I'm not sure about using strstr directly as "strstr(source, *sorted_dict)", as it would return only the occurrence of complete "source" in dictionary, and what I want is the substrings of source.
strstr("europeaninvestmentbank", "investment") will return &"europeaninvestmentbank"[8] because that is where the substring was found. It will return NULL if the substring was not found. Assuming you have the complete source string in memory and only search for the longest substrings first, strstr() will do what you are asking for.
Code:
#include <stdio.h>
#include <string.h>
// Ordered by length of the string
char const* dictionary[] =
{
"investment",
"european",
"bank",
NULL
};
int main()
{
char const* source = "europeaninvestmentbank";
char const** sorted_dict = dictionary;
while (sorted_dict)
{
if (strstr(source, *sorted_dict))
{
printf("Longest meaningful substring: '%s'\n", *sorted_dict);
break;
}
++sorted_dict;
}
}
And currently got stuck at the very first step: while importing dictionary text into a 2d array of char. realloc() gave invalid next size error from now and then! No clue what's happening.

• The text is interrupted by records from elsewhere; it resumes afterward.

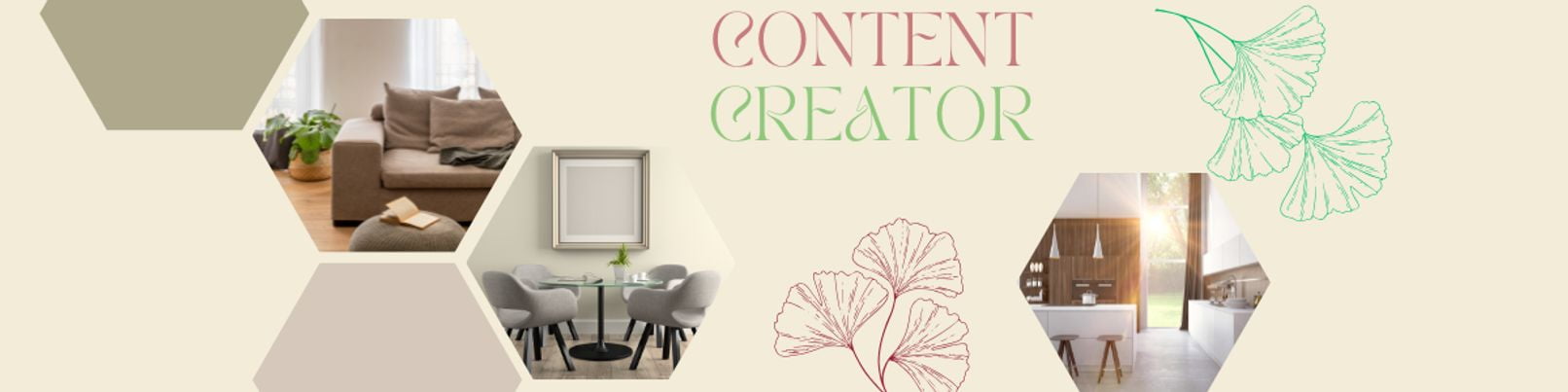 Storefront user uploaded banner.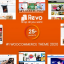 Revo v3.6.4 – Multi-purpose WooCommerce WordPress Theme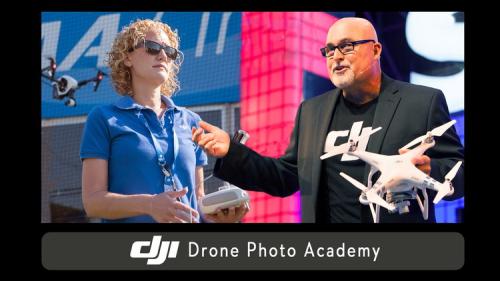 Udemy - DJI Drone Photo Academy: The Original & Official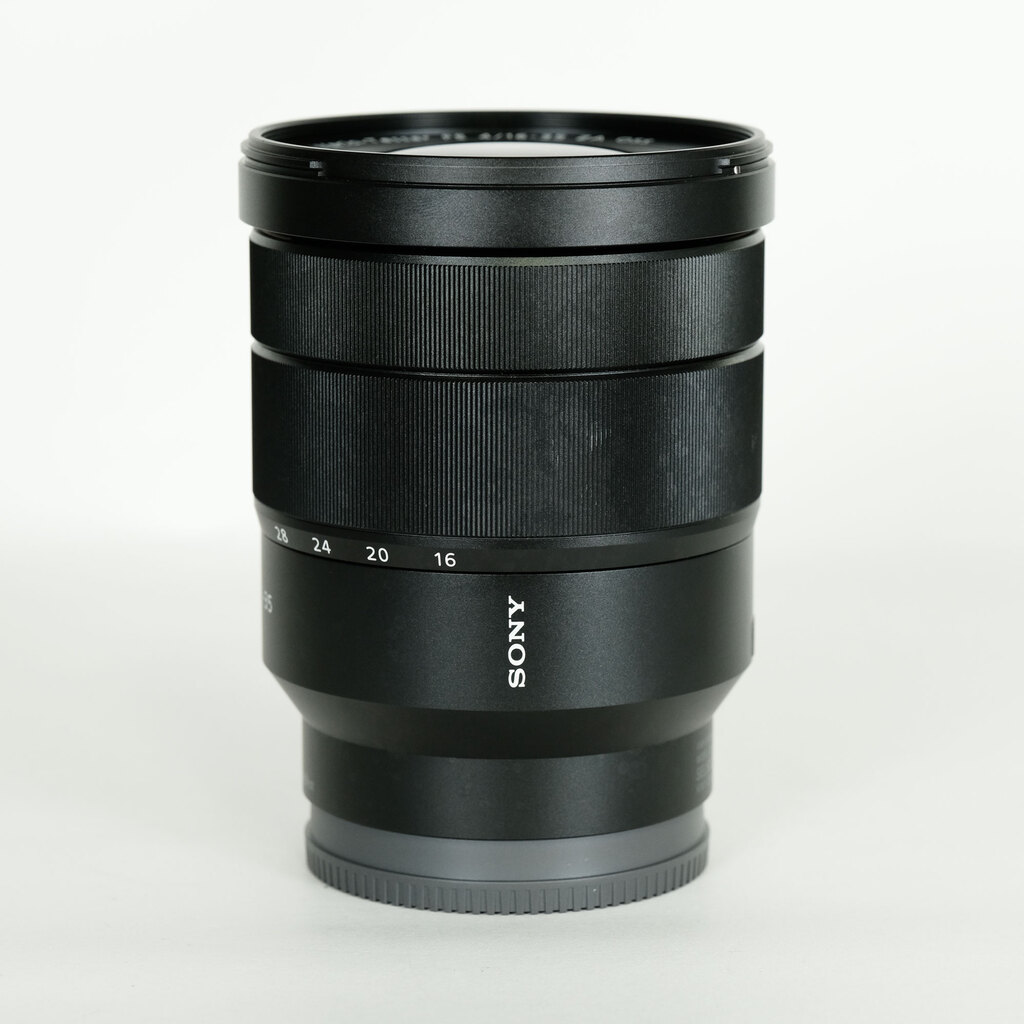 SONY Vario-Tessar T* FE 16-35mm F4 ZA OSS SEL1635Z SONY Vario-Tessar T* FE 16-35mm F4 ZA OSS SEL1635Z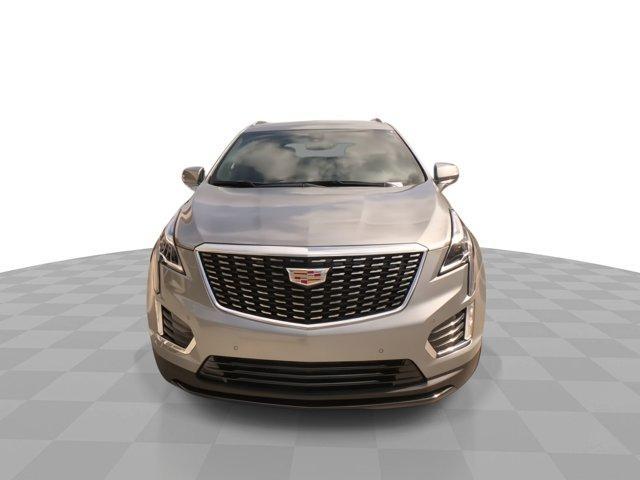 new 2024 Cadillac XT5 car, priced at $40,667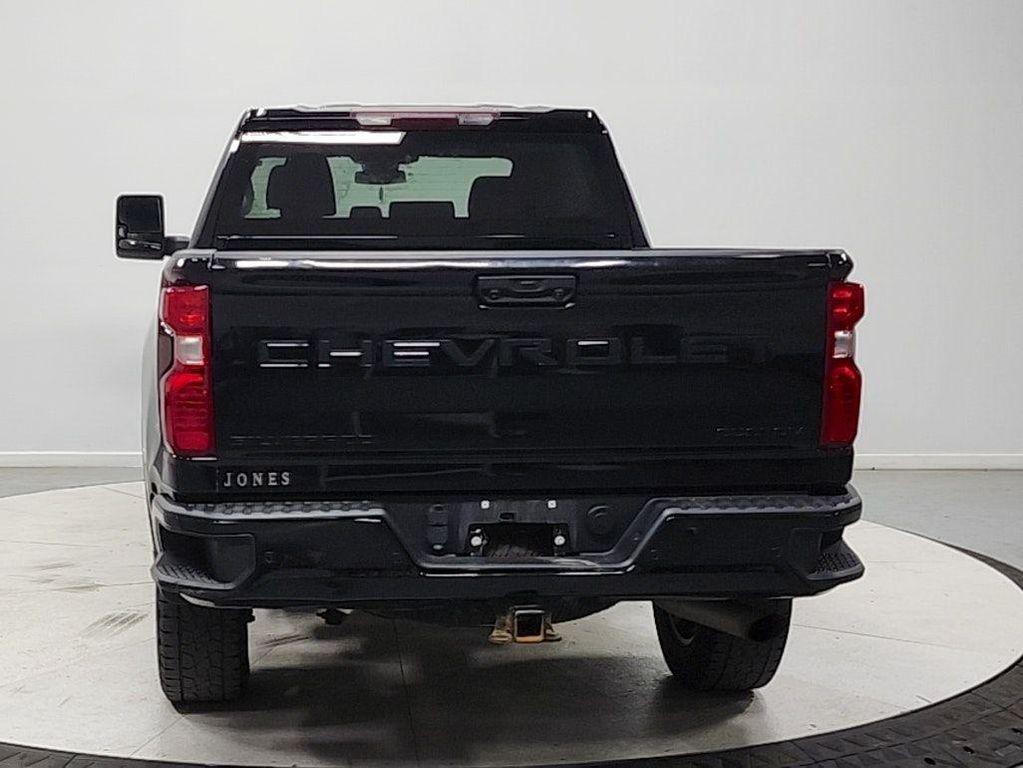 used 2024 Chevrolet Silverado 2500 car, priced at $47,567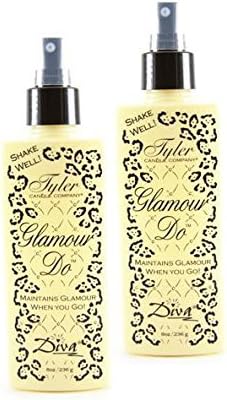 Tyler Diva Glamour Do Candle Spray, 2 Pack by Unknown
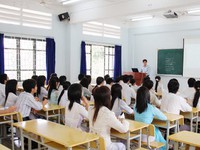 Bộ trưởng Phùng Xuân Nhạ: Bộ Giáo dục và Đào tạo giống như “bộ thi”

Any kind of buffer overflow on a pointer to heap memory can mess up the heap and cause weird errors. Try this code on your dictionary file and see if the same thing happens:
Code:
#include <stdio.h>
#include <stdlib.h>
#include <string.h>
#define TEST
int length_order(void const* lhs, void const* rhs);
int main()
{
FILE* fp = fopen("test.txt", "r");
char** dictionary = NULL;
char word[1024];
size_t size = 0;
// Populate the dictionary
while (fscanf(fp, "%1023s", word) == 1)
{
// Grow dictionary by 1 each time and assume allocations succeed for simplicity
dictionary = (char**)realloc(dictionary, ++size * sizeof(char**));
dictionary[size-1] = (char*)malloc(strlen(word)+1);
strcpy(dictionary[size-1], word);
}
fclose(fp);
// Sort the dictionary by string length
qsort(dictionary, size, sizeof(char*), length_order);
#if defined(TEST)
// Dump the dictionary for testing
for (size_t x = 0; x < size; ++x)
{
puts(dictionary[x]);
}
#endif
// Clean up the dictionary
for (size_t x = 0; x < size; ++x)
{
free(dictionary[x]);
}
free(dictionary);
}
int length_order(void const* lhs, void const* rhs)
{
return strlen(*(char const**)rhs) - strlen(*(char const**)lhs);
}